10

I've touched a Teradata. I've never touched hadoop, but since yesterday, I am doing some research on that. By description of both, they seem quite interchangable, but in some papers it is written that they serve for different purposes. But all I found is vague. I am confused.

Has anybody experience with both of them? What is the serious difference between them?
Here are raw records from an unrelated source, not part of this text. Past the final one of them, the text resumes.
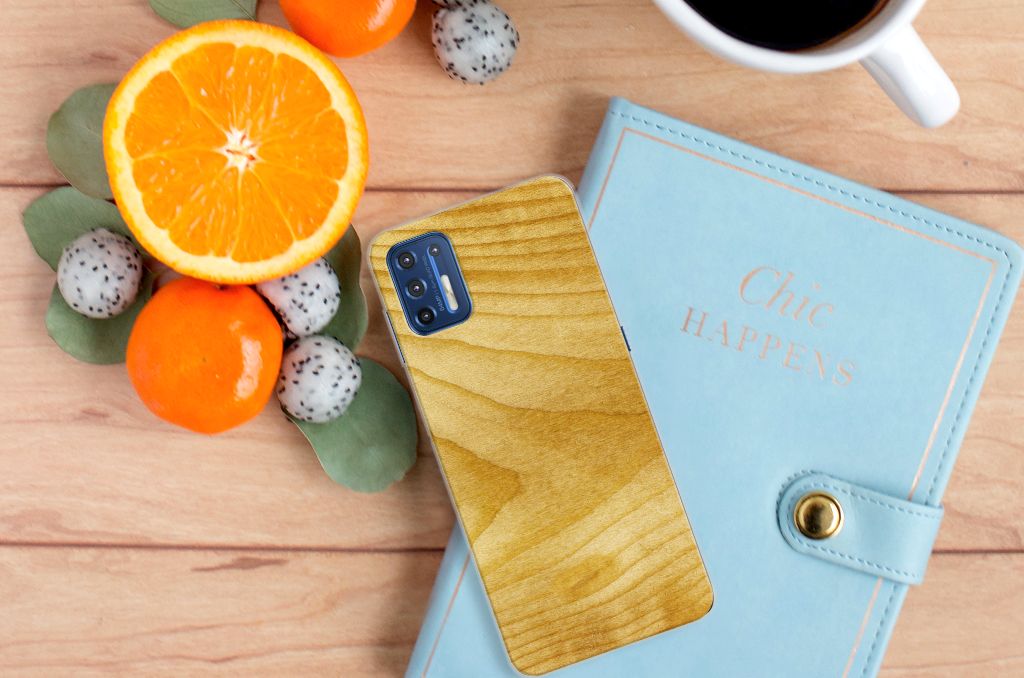 Motorola Moto G9 Plus Bumper Hoesje Licht Hout B2C Telecom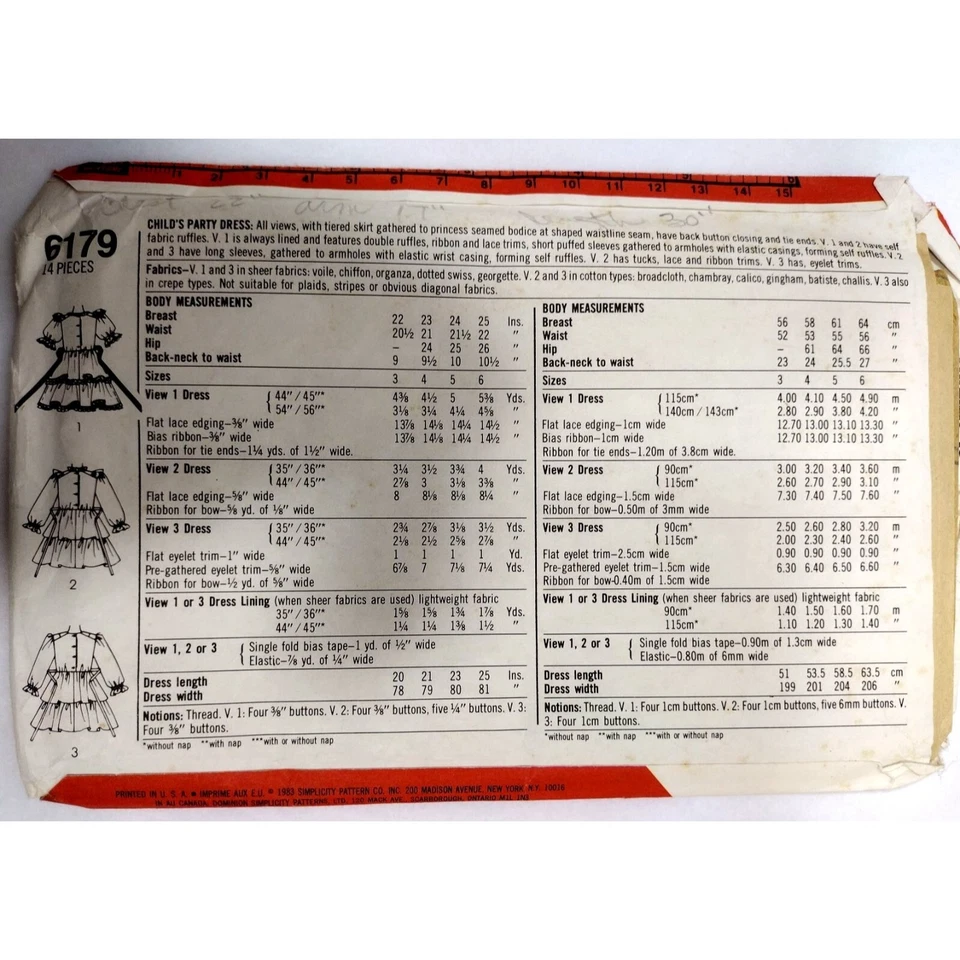 Simplicity Sewing Pattern 6179 girls' dress short ruffled Cinderella sz 6 - Image 2 of 2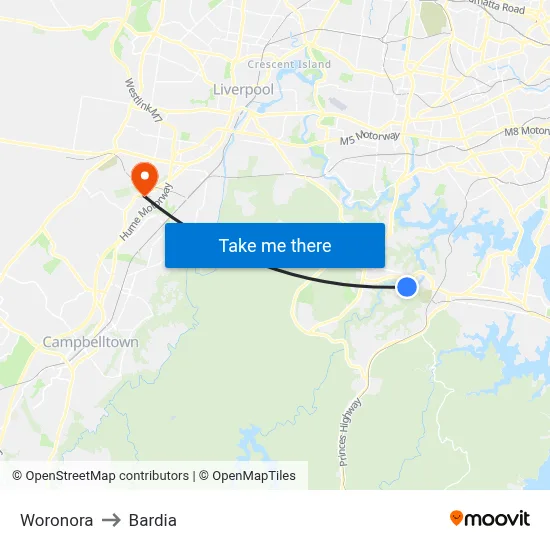 Woronora to Bardia map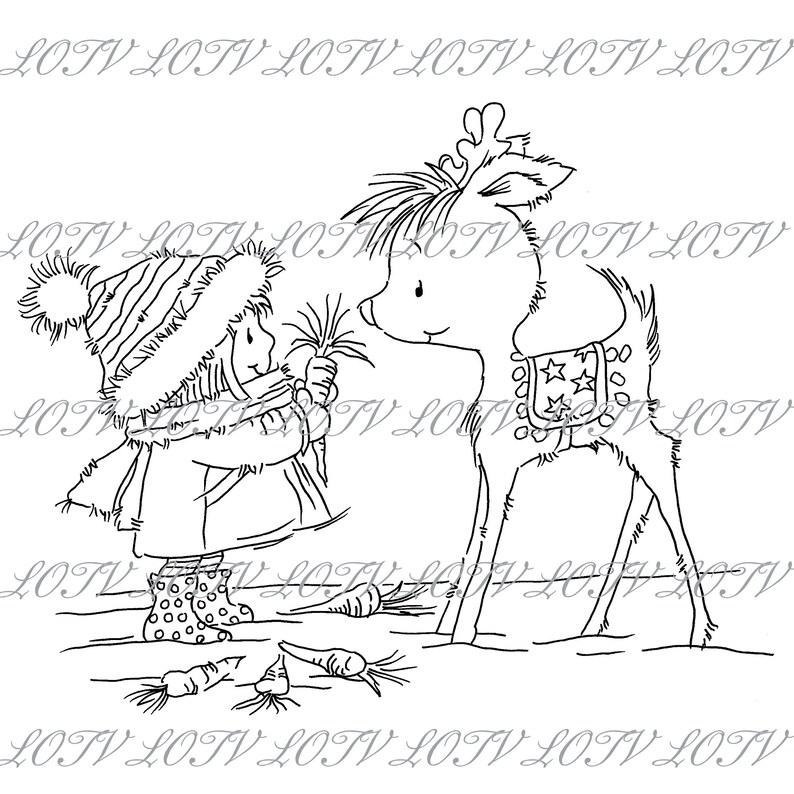 Lili of the Valley Digi Stamp  GC  Happy Reindeer JPEG image 0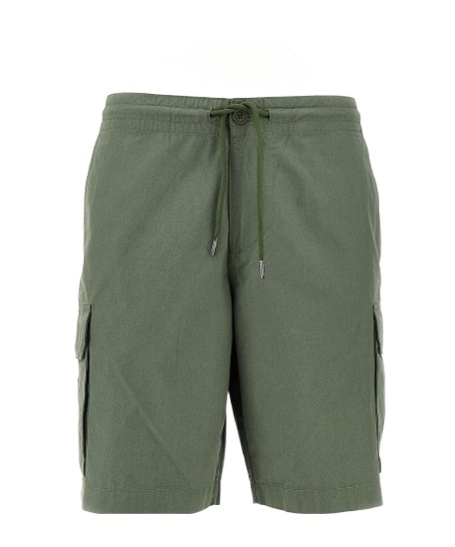Emporio Armani Canvas Cargo Bermuda Shorts In Green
Simple Example: I want to build ETL which will transform billions rows of raw data and organize them to DWH. Then do some resources expensive analysis on them. Why use TD? Why Hadoop? or why not?

Brian Tompsett - 汤莱恩
  • 5,753
  • 72
  • 57
  • 129
John
  • 503
  • 2
  • 10
  • 25
  • 1
    Is your raw data structured or unstructured? What is the arrival rate of this data? Can you explain what expensive analysis means? What is your service level expectation for this analysis to be completed within? Does your company have an existing base of individuals with skills in SQL, R, SAS, and/or predictive modeling? There are significant differences between the two. It boils down to understanding whether your business problem can be solved by the traditional RDBMS paradigm from data modeling -> ETL -> Analytics with SQL or if you need something more that MapReduce can provide. – Rob Paller Feb 01 '13 at 14:51
  • Raw data are structured. Arrival rate is every day couple big chunks of data. Expensive analysis: CPU expensive with some query expensive prearrangement of the data (an ETL of structured data to abstract data for algorithms we can say), but these analyses will run outside in some specific applications, so it is not relevant. But the essence of my question is: Teradata is really expensive. Can I substitute Teradata by Hadoop in industries like banking with the possibility of the same performance, without serious risks(additional costs of implementation or even some unpredictable failure etc)? – John Feb 01 '13 at 16:21
  • They both play along. There are areas where Teradata is recommended and areas where Hadoop is. Teradata is now moving to a [Unified Architecture](http://www.teradata.com/newsrelease.aspx?id=20511) so both Hadoop and Teradata can be integrated and can complement each other. – Raniendu Singh Feb 13 '13 at 09:57

4 Answers4

9

I think this article titled 'MapReduce and Parallel DBMSs: Friends or Foes' does quite a good job describing the situations where each technology works best. In a nutshell, Hadoop is excellent for storing unstructured data and running parallel transformations to 'sanitize' incoming data, where DBMSs excel at executing complex queries quickly.

ryanbwork
  • 2,123
  • 12
  • 12
4

Hadoop, Hadoop with Extensions, RDBMS Feature/Property Comparison

I am not an expert in this area, but in the coursera.com course, Introduction to Data Science, there is a lecture titled: Comparing MapReduce and Databases as well as a lecture on Parallel databases within the map reduce section of the course.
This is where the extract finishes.